Let's see what this looks like with a single realization of 100 normal4 random variates:
As we can see, the 'splined histogram' tends to give a more variable (too 'wiggly') density estimator than the standard kernel density estimation method. I think (though will not prove) that the splined histogram approach is consistent5, at least as long as we take the bin width to zero in a way depending on the sample size.
But the point is that we did a lot of extra work that only bought us a worse method. Kernel density estimation achieves the minimax risk up to a multiplicative constant, so we can't do much better with any non-parametric density estimation method. And there's no evidence this method should outperform the kernel density estimator's constant6.
One of the hallmarks of good science is asking interesting questions. The authors of this paper certainly do that. They could just use a bit more education in basic statistical inference7.
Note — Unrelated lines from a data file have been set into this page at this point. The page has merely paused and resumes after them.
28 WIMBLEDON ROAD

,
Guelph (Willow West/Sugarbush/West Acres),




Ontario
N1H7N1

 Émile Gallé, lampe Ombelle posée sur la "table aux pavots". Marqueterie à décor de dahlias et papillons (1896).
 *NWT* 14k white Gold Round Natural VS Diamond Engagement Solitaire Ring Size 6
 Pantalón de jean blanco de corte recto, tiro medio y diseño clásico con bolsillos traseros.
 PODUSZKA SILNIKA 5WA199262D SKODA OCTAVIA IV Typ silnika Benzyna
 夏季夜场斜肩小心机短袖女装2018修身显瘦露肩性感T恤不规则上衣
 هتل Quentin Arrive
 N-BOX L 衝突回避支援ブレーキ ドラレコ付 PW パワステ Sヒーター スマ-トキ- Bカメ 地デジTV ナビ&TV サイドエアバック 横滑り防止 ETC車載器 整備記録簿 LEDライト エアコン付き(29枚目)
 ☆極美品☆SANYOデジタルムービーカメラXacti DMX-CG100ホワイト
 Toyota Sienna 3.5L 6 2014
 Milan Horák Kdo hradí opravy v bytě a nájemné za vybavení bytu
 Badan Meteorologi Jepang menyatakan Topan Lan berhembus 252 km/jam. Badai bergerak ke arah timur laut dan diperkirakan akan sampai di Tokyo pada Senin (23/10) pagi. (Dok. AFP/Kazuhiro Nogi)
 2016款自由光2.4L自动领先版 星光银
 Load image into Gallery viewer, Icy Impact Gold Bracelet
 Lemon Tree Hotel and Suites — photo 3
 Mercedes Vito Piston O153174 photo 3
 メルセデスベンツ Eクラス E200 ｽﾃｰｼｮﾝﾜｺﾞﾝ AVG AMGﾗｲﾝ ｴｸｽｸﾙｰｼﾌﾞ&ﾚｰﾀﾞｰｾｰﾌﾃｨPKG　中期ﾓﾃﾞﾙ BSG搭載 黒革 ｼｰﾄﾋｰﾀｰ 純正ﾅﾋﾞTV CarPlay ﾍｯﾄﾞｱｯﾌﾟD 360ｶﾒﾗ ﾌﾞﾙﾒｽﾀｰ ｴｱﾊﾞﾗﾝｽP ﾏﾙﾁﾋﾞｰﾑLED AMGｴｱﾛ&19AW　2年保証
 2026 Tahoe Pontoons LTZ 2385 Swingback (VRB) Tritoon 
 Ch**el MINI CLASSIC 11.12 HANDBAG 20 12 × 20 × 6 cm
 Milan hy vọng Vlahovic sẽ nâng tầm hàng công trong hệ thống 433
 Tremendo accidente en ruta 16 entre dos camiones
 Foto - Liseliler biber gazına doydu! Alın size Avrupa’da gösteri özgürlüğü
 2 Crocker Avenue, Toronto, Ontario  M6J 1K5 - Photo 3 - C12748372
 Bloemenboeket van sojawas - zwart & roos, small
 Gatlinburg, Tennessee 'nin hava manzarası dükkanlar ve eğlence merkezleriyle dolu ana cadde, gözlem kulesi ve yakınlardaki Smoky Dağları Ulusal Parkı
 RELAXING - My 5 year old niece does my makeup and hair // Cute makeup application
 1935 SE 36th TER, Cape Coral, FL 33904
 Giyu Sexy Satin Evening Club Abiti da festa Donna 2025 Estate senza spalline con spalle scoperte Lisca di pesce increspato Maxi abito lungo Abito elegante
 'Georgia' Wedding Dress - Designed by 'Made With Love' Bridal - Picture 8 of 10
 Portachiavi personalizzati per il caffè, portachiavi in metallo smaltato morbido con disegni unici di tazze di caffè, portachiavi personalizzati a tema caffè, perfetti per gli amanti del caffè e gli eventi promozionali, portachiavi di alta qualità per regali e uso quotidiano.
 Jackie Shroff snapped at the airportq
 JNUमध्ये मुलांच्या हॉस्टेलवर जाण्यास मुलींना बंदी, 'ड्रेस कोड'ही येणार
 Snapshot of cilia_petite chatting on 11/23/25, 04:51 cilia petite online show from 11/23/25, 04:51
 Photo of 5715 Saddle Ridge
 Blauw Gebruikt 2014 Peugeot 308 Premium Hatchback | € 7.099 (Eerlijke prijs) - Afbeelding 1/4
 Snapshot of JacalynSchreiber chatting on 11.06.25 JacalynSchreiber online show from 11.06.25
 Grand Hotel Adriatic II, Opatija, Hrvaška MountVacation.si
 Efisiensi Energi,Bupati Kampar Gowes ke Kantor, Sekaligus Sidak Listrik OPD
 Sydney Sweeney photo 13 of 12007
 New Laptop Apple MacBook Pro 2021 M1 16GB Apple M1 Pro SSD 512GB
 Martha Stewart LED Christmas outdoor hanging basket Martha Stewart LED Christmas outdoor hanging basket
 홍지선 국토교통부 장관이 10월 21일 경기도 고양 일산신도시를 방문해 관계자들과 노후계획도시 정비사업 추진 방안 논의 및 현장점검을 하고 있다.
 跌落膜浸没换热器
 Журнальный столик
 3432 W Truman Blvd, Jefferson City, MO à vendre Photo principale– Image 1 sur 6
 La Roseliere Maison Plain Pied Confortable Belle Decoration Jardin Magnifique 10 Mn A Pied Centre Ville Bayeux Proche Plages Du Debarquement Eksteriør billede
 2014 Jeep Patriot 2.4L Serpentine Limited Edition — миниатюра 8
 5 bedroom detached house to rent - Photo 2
Doing a similar analysis on my Twitter data, I found that the authors have probably made baby Gauss cry. In short, if you look at the tail of a log normal distribution, you can find something that looks very much like a power law, even when there is none.↩
As noted in the footnote above, the data are actually closer to log normal. But we can get back and forth between these two by exponentiating / logging, so I'll stick to the normal distribution since it's easier to visualize.↩
In the statistical sense. That is, in the limit of infinite data, it converges in probability to the true density of the data generating process.↩
I just realized that we could perhaps do cleverer things with this method. For example, instead of fixing the discretization, we could learn it adaptively using log-likelihood cross-validation. (The authors don't do this.) But this adds unnecessary bells and whistles to a junky car.↩
One of the reasons I sometimes bristle at the new phrase 'data science.' Data science seems to me, as an outsider, like statistics / computer science without the rigor. It need not be this. But that seems to be the direction it's currently heading.↩